Bir kitabı almadan önce ön/arka kapak, ön söz, varsa kaynakça vs. bakar ve bu kitap bana ne verebilir sorusunu mutlaka sorarım.
Sonuçta ben ona en değerlilerimden zamanımı vereceğim.
Bitirince de aynı soruyu sorarım; ne aldım?
Doğunun Kafka'sı olarak adlandırılan, İran Edebiyatının en iyi psikoloji roman yazarı Sadık Hidayet'e (doğumu: 1903) ait bir kitabı tavsiye üzerine okudum.
Romanda süt kız kardeşi ile evlenen ya da oyuna getirilip evlendirilen, karısının kaçışından sonra bir ara kayın biraderini gördüğünde dudaklarını ablasına benzetip şehvetle öpen, dadısına kendisi üzerine sinsice şehvetini tatmin iftirası atabilen, din Allah inancı bahsinde imansızlığını kutsalımıza hakaret boyutunda seslendirmekten çekinmeyen (sanırım bu sebeple İran'da kitabı yasak!) yazarı okurken ruhumun kirlendiğini hissettim. 88 sahife olmasa çoktan yarıda bırakırdım! Hele 58. sayfa tam bir rezalet, kutsala hınçlı bir saldırı!
Güçlü bir kalem, Sadık Hidayet. Yazarken size adeta sinema gibi, hatta daha derinden yaşatıyor. Kabiliyetini keşke güzel eserler vererek kullansa; keşke afyon,içki ile uyuşturduğu canına, bir evde güzel elbiseler giyip, hava gazını açarak intihar ederek gitmeseydi.
Yazara ait hiç bir kitabı okumama kararı ile, masamda olan bu kitabı birazdan imha ile, benden sonra birisinin okuma risk ve vebalinden kurtulacağım!
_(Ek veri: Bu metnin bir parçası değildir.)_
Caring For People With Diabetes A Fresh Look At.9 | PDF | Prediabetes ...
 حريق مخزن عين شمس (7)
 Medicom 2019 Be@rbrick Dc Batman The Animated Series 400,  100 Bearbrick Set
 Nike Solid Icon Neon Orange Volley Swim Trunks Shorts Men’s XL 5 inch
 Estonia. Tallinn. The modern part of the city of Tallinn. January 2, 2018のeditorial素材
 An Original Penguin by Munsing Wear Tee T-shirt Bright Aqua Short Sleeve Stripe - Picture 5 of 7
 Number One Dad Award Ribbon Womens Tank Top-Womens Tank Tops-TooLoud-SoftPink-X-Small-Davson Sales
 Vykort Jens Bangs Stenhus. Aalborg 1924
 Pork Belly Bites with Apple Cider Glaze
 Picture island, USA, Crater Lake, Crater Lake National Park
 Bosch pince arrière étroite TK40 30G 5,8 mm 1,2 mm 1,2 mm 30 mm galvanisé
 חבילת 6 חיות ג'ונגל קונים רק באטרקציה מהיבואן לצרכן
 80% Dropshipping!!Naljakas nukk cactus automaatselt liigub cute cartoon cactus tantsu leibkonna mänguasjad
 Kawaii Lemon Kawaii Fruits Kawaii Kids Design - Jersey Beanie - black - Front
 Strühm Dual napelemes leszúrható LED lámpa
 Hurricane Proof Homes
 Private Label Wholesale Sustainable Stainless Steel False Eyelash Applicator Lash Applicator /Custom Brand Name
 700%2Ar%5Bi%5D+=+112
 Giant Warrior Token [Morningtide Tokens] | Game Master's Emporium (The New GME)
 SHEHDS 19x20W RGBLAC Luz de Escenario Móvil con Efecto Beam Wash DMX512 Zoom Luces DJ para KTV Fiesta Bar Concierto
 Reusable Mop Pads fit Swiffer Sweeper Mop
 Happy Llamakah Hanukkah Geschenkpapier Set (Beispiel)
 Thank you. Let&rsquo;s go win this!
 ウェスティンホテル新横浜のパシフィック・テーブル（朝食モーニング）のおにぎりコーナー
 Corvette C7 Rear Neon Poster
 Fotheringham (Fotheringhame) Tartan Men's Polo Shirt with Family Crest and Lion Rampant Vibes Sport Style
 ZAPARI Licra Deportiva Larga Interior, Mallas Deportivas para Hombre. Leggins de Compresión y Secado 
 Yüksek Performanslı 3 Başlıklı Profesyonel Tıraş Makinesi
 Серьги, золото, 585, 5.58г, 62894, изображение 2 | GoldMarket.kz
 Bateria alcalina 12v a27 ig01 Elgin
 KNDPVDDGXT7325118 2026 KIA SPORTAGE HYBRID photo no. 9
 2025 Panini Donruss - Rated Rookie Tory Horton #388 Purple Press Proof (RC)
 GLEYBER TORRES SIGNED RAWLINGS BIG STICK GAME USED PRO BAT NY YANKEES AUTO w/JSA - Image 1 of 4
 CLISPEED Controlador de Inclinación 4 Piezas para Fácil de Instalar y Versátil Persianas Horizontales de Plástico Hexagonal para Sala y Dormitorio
Kitap bitince bana ne verdi sorusunu sordum; çok şükür sapkın fikirlerimiz yok, çok şükür Allah'a ve indirdiklerine şeksiz şüphesiz imanımızla huzurluyuz, çok şükür kötü alışkanlıklara müptela olmadık. Kalan ömrümüzde de defterimizi salih fiiller, iyilikler ve imanla kapatma, umudu ve azmindeyiz.